A new paper paints a grim picture for the future of China's water supply - because the Chinese have chosen to believe in "virtual water".

The paper in the Proceedings of the National Academy of Sciences (PNAS) estimate a full inventory of physical water transfers and 'virtual' water redistribution via trade between China's provinces. Their estimate determined that water stress is only partially mitigated by China's current two-pronged approach: physical water transfers to water-depleted regions, including the major South-North water transfer projects, or the 'virtual' water embodied in traded products between regions and countries.

Moreover, the efforts are exacerbating water stress for China's poorer water-exporting regions, with virtual water transfers accounting for more than one-third of the country's national water supply. Up to 65 percent of the water supply in some provinces is earmarked for virtual water redistribution, to be used for infrastructure and for producing exports. Well, that was what proponents of virtual water had to be done - now the Chinese.

Virtual water is a metric invented in the 1990s to try and account for hidden water - everything in the chain of food production. The problem is that it ignored that most water is recycled.
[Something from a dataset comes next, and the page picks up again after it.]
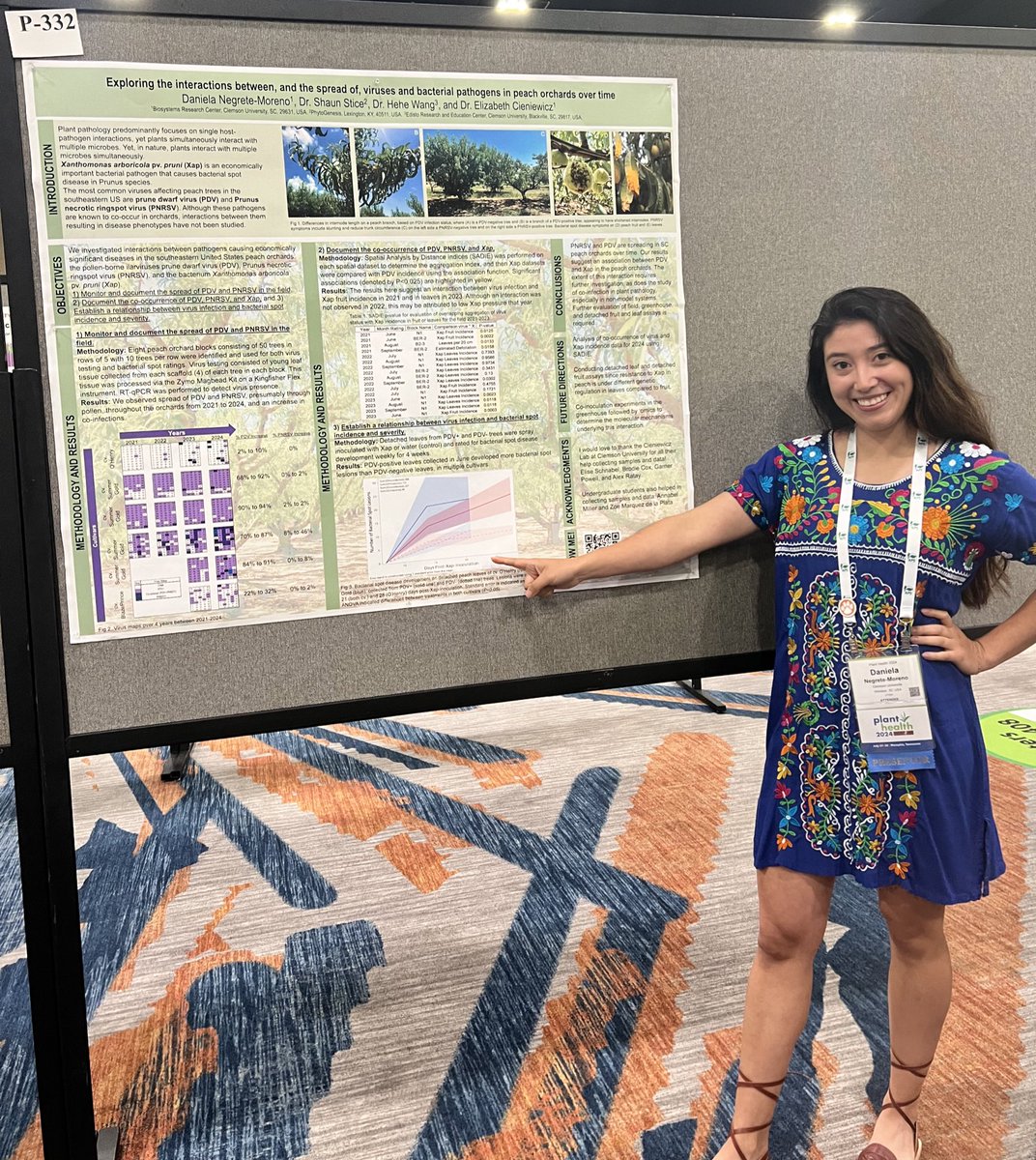 Let’s talk cross-kingdom virus-bacterium mixed infection in SC peach orchards. It’ll be a peachy time! 🍑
Since the virtual water in the grain in just Egypt is more than all of the water in the Nile, there should have been water wars for 100 years, but there have not been. It does not really take 140 liters of virtual water to make a cup of coffee - where coffee grows most of that water is recycled every day.
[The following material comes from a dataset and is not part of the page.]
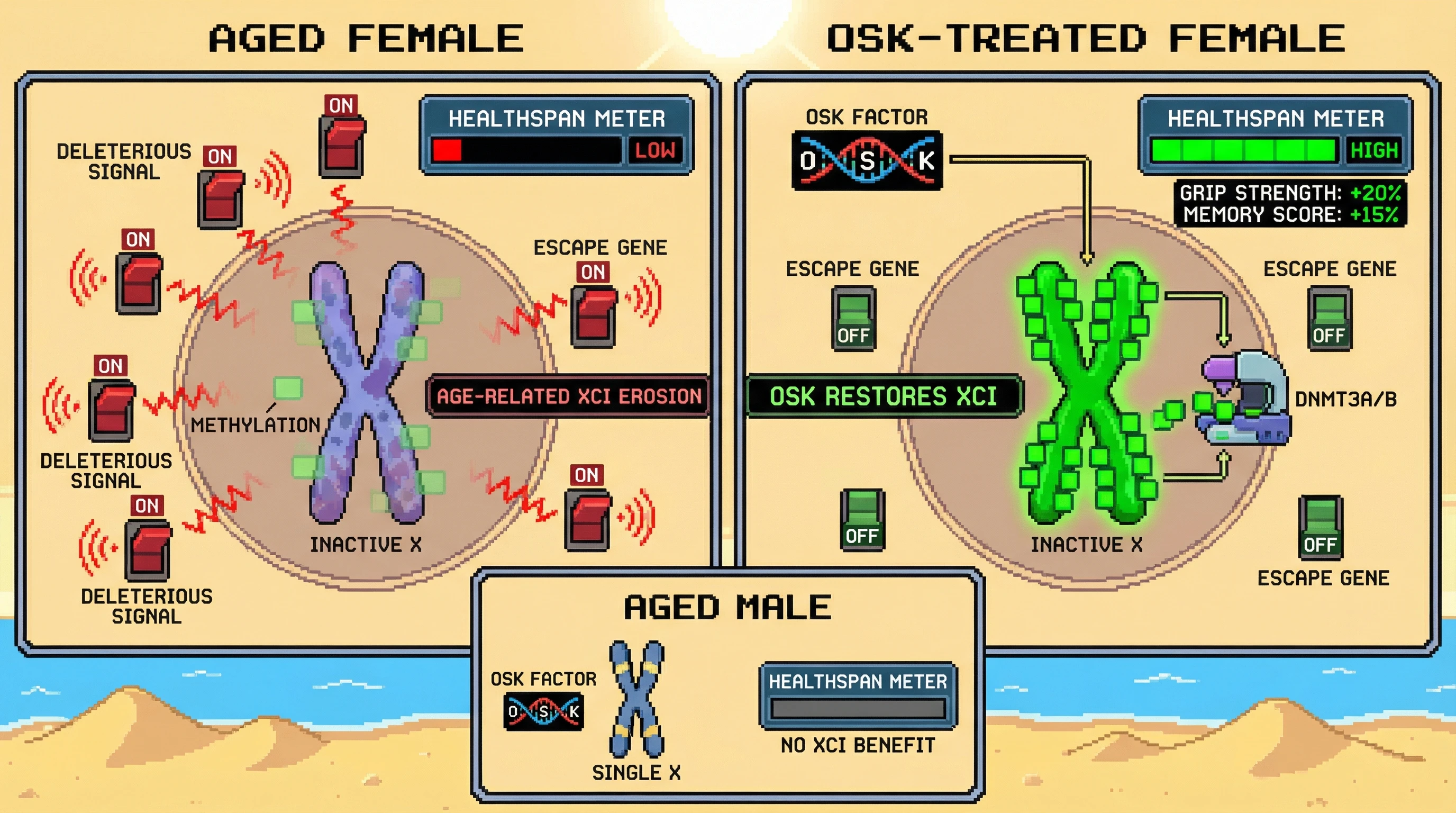 Mechanism: OSK factors restore DNA methylation on the inactive X chromosome in aged females, silencing genes that escape inactivation with age. Readout: Readout: This leads to improved healthspan metrics like grip strength and memory, with no comparable XCI-specific benefit observed in males.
Until China significantly improves its water use efficiency and addresses the impact its expanding economy is having on its natural resources, the situation will continue to deteriorate, the researchers conclude. An international effort led by the Beijing Forestry University (China), UEA and Leeds (UK) and the University of Maryland (US), the research analyses data from 2007 and looks ahead to China's water distribution plans in 2030. Water stress is likely to become more severe in the main water-exporting provinces, based on policy initiatives aimed at boosting development in wealthier regions to meet consumption demands.

Professor Dabo Guan of UEA's School of International Development said, "China needs to shift its focus to water demand management instead of a supply oriented approach if it is going to seriously address the overwhelming pressures on its water supplies.

"China's current transfer programme is pouring good water after bad: the problems of water-stressed regions aren't being alleviated and the provinces sharing their water are suffering greatly."

Guan, professor in climate change economics, together with his colleague, Prof Martin Tillotson of Leeds, published research in 2014 showing 75 percent of China's lakes and rivers and 50 percent of its groundwater supplies are contaminated, the result of urban household consumption, export of goods and services and infrastructure investment.

Tillotson, chair in water management and director of water@leeds, said, "Even allowing for future efficiency gains in agricultural and industrial water consumption, China's water transfers are likely to be insufficient to offset increased demand due to the effects of economic and population growth. A much greater focus needs to be placed on regulating or incentivizing reductions in demand-led consumption."

The research was partly funded by the Economic and Social Research Council (ESRC), Prof Guan's Philip Leverhulme Prize, a University of Leeds Cheney Fellowship and the Worldwide Universities Network (WUN).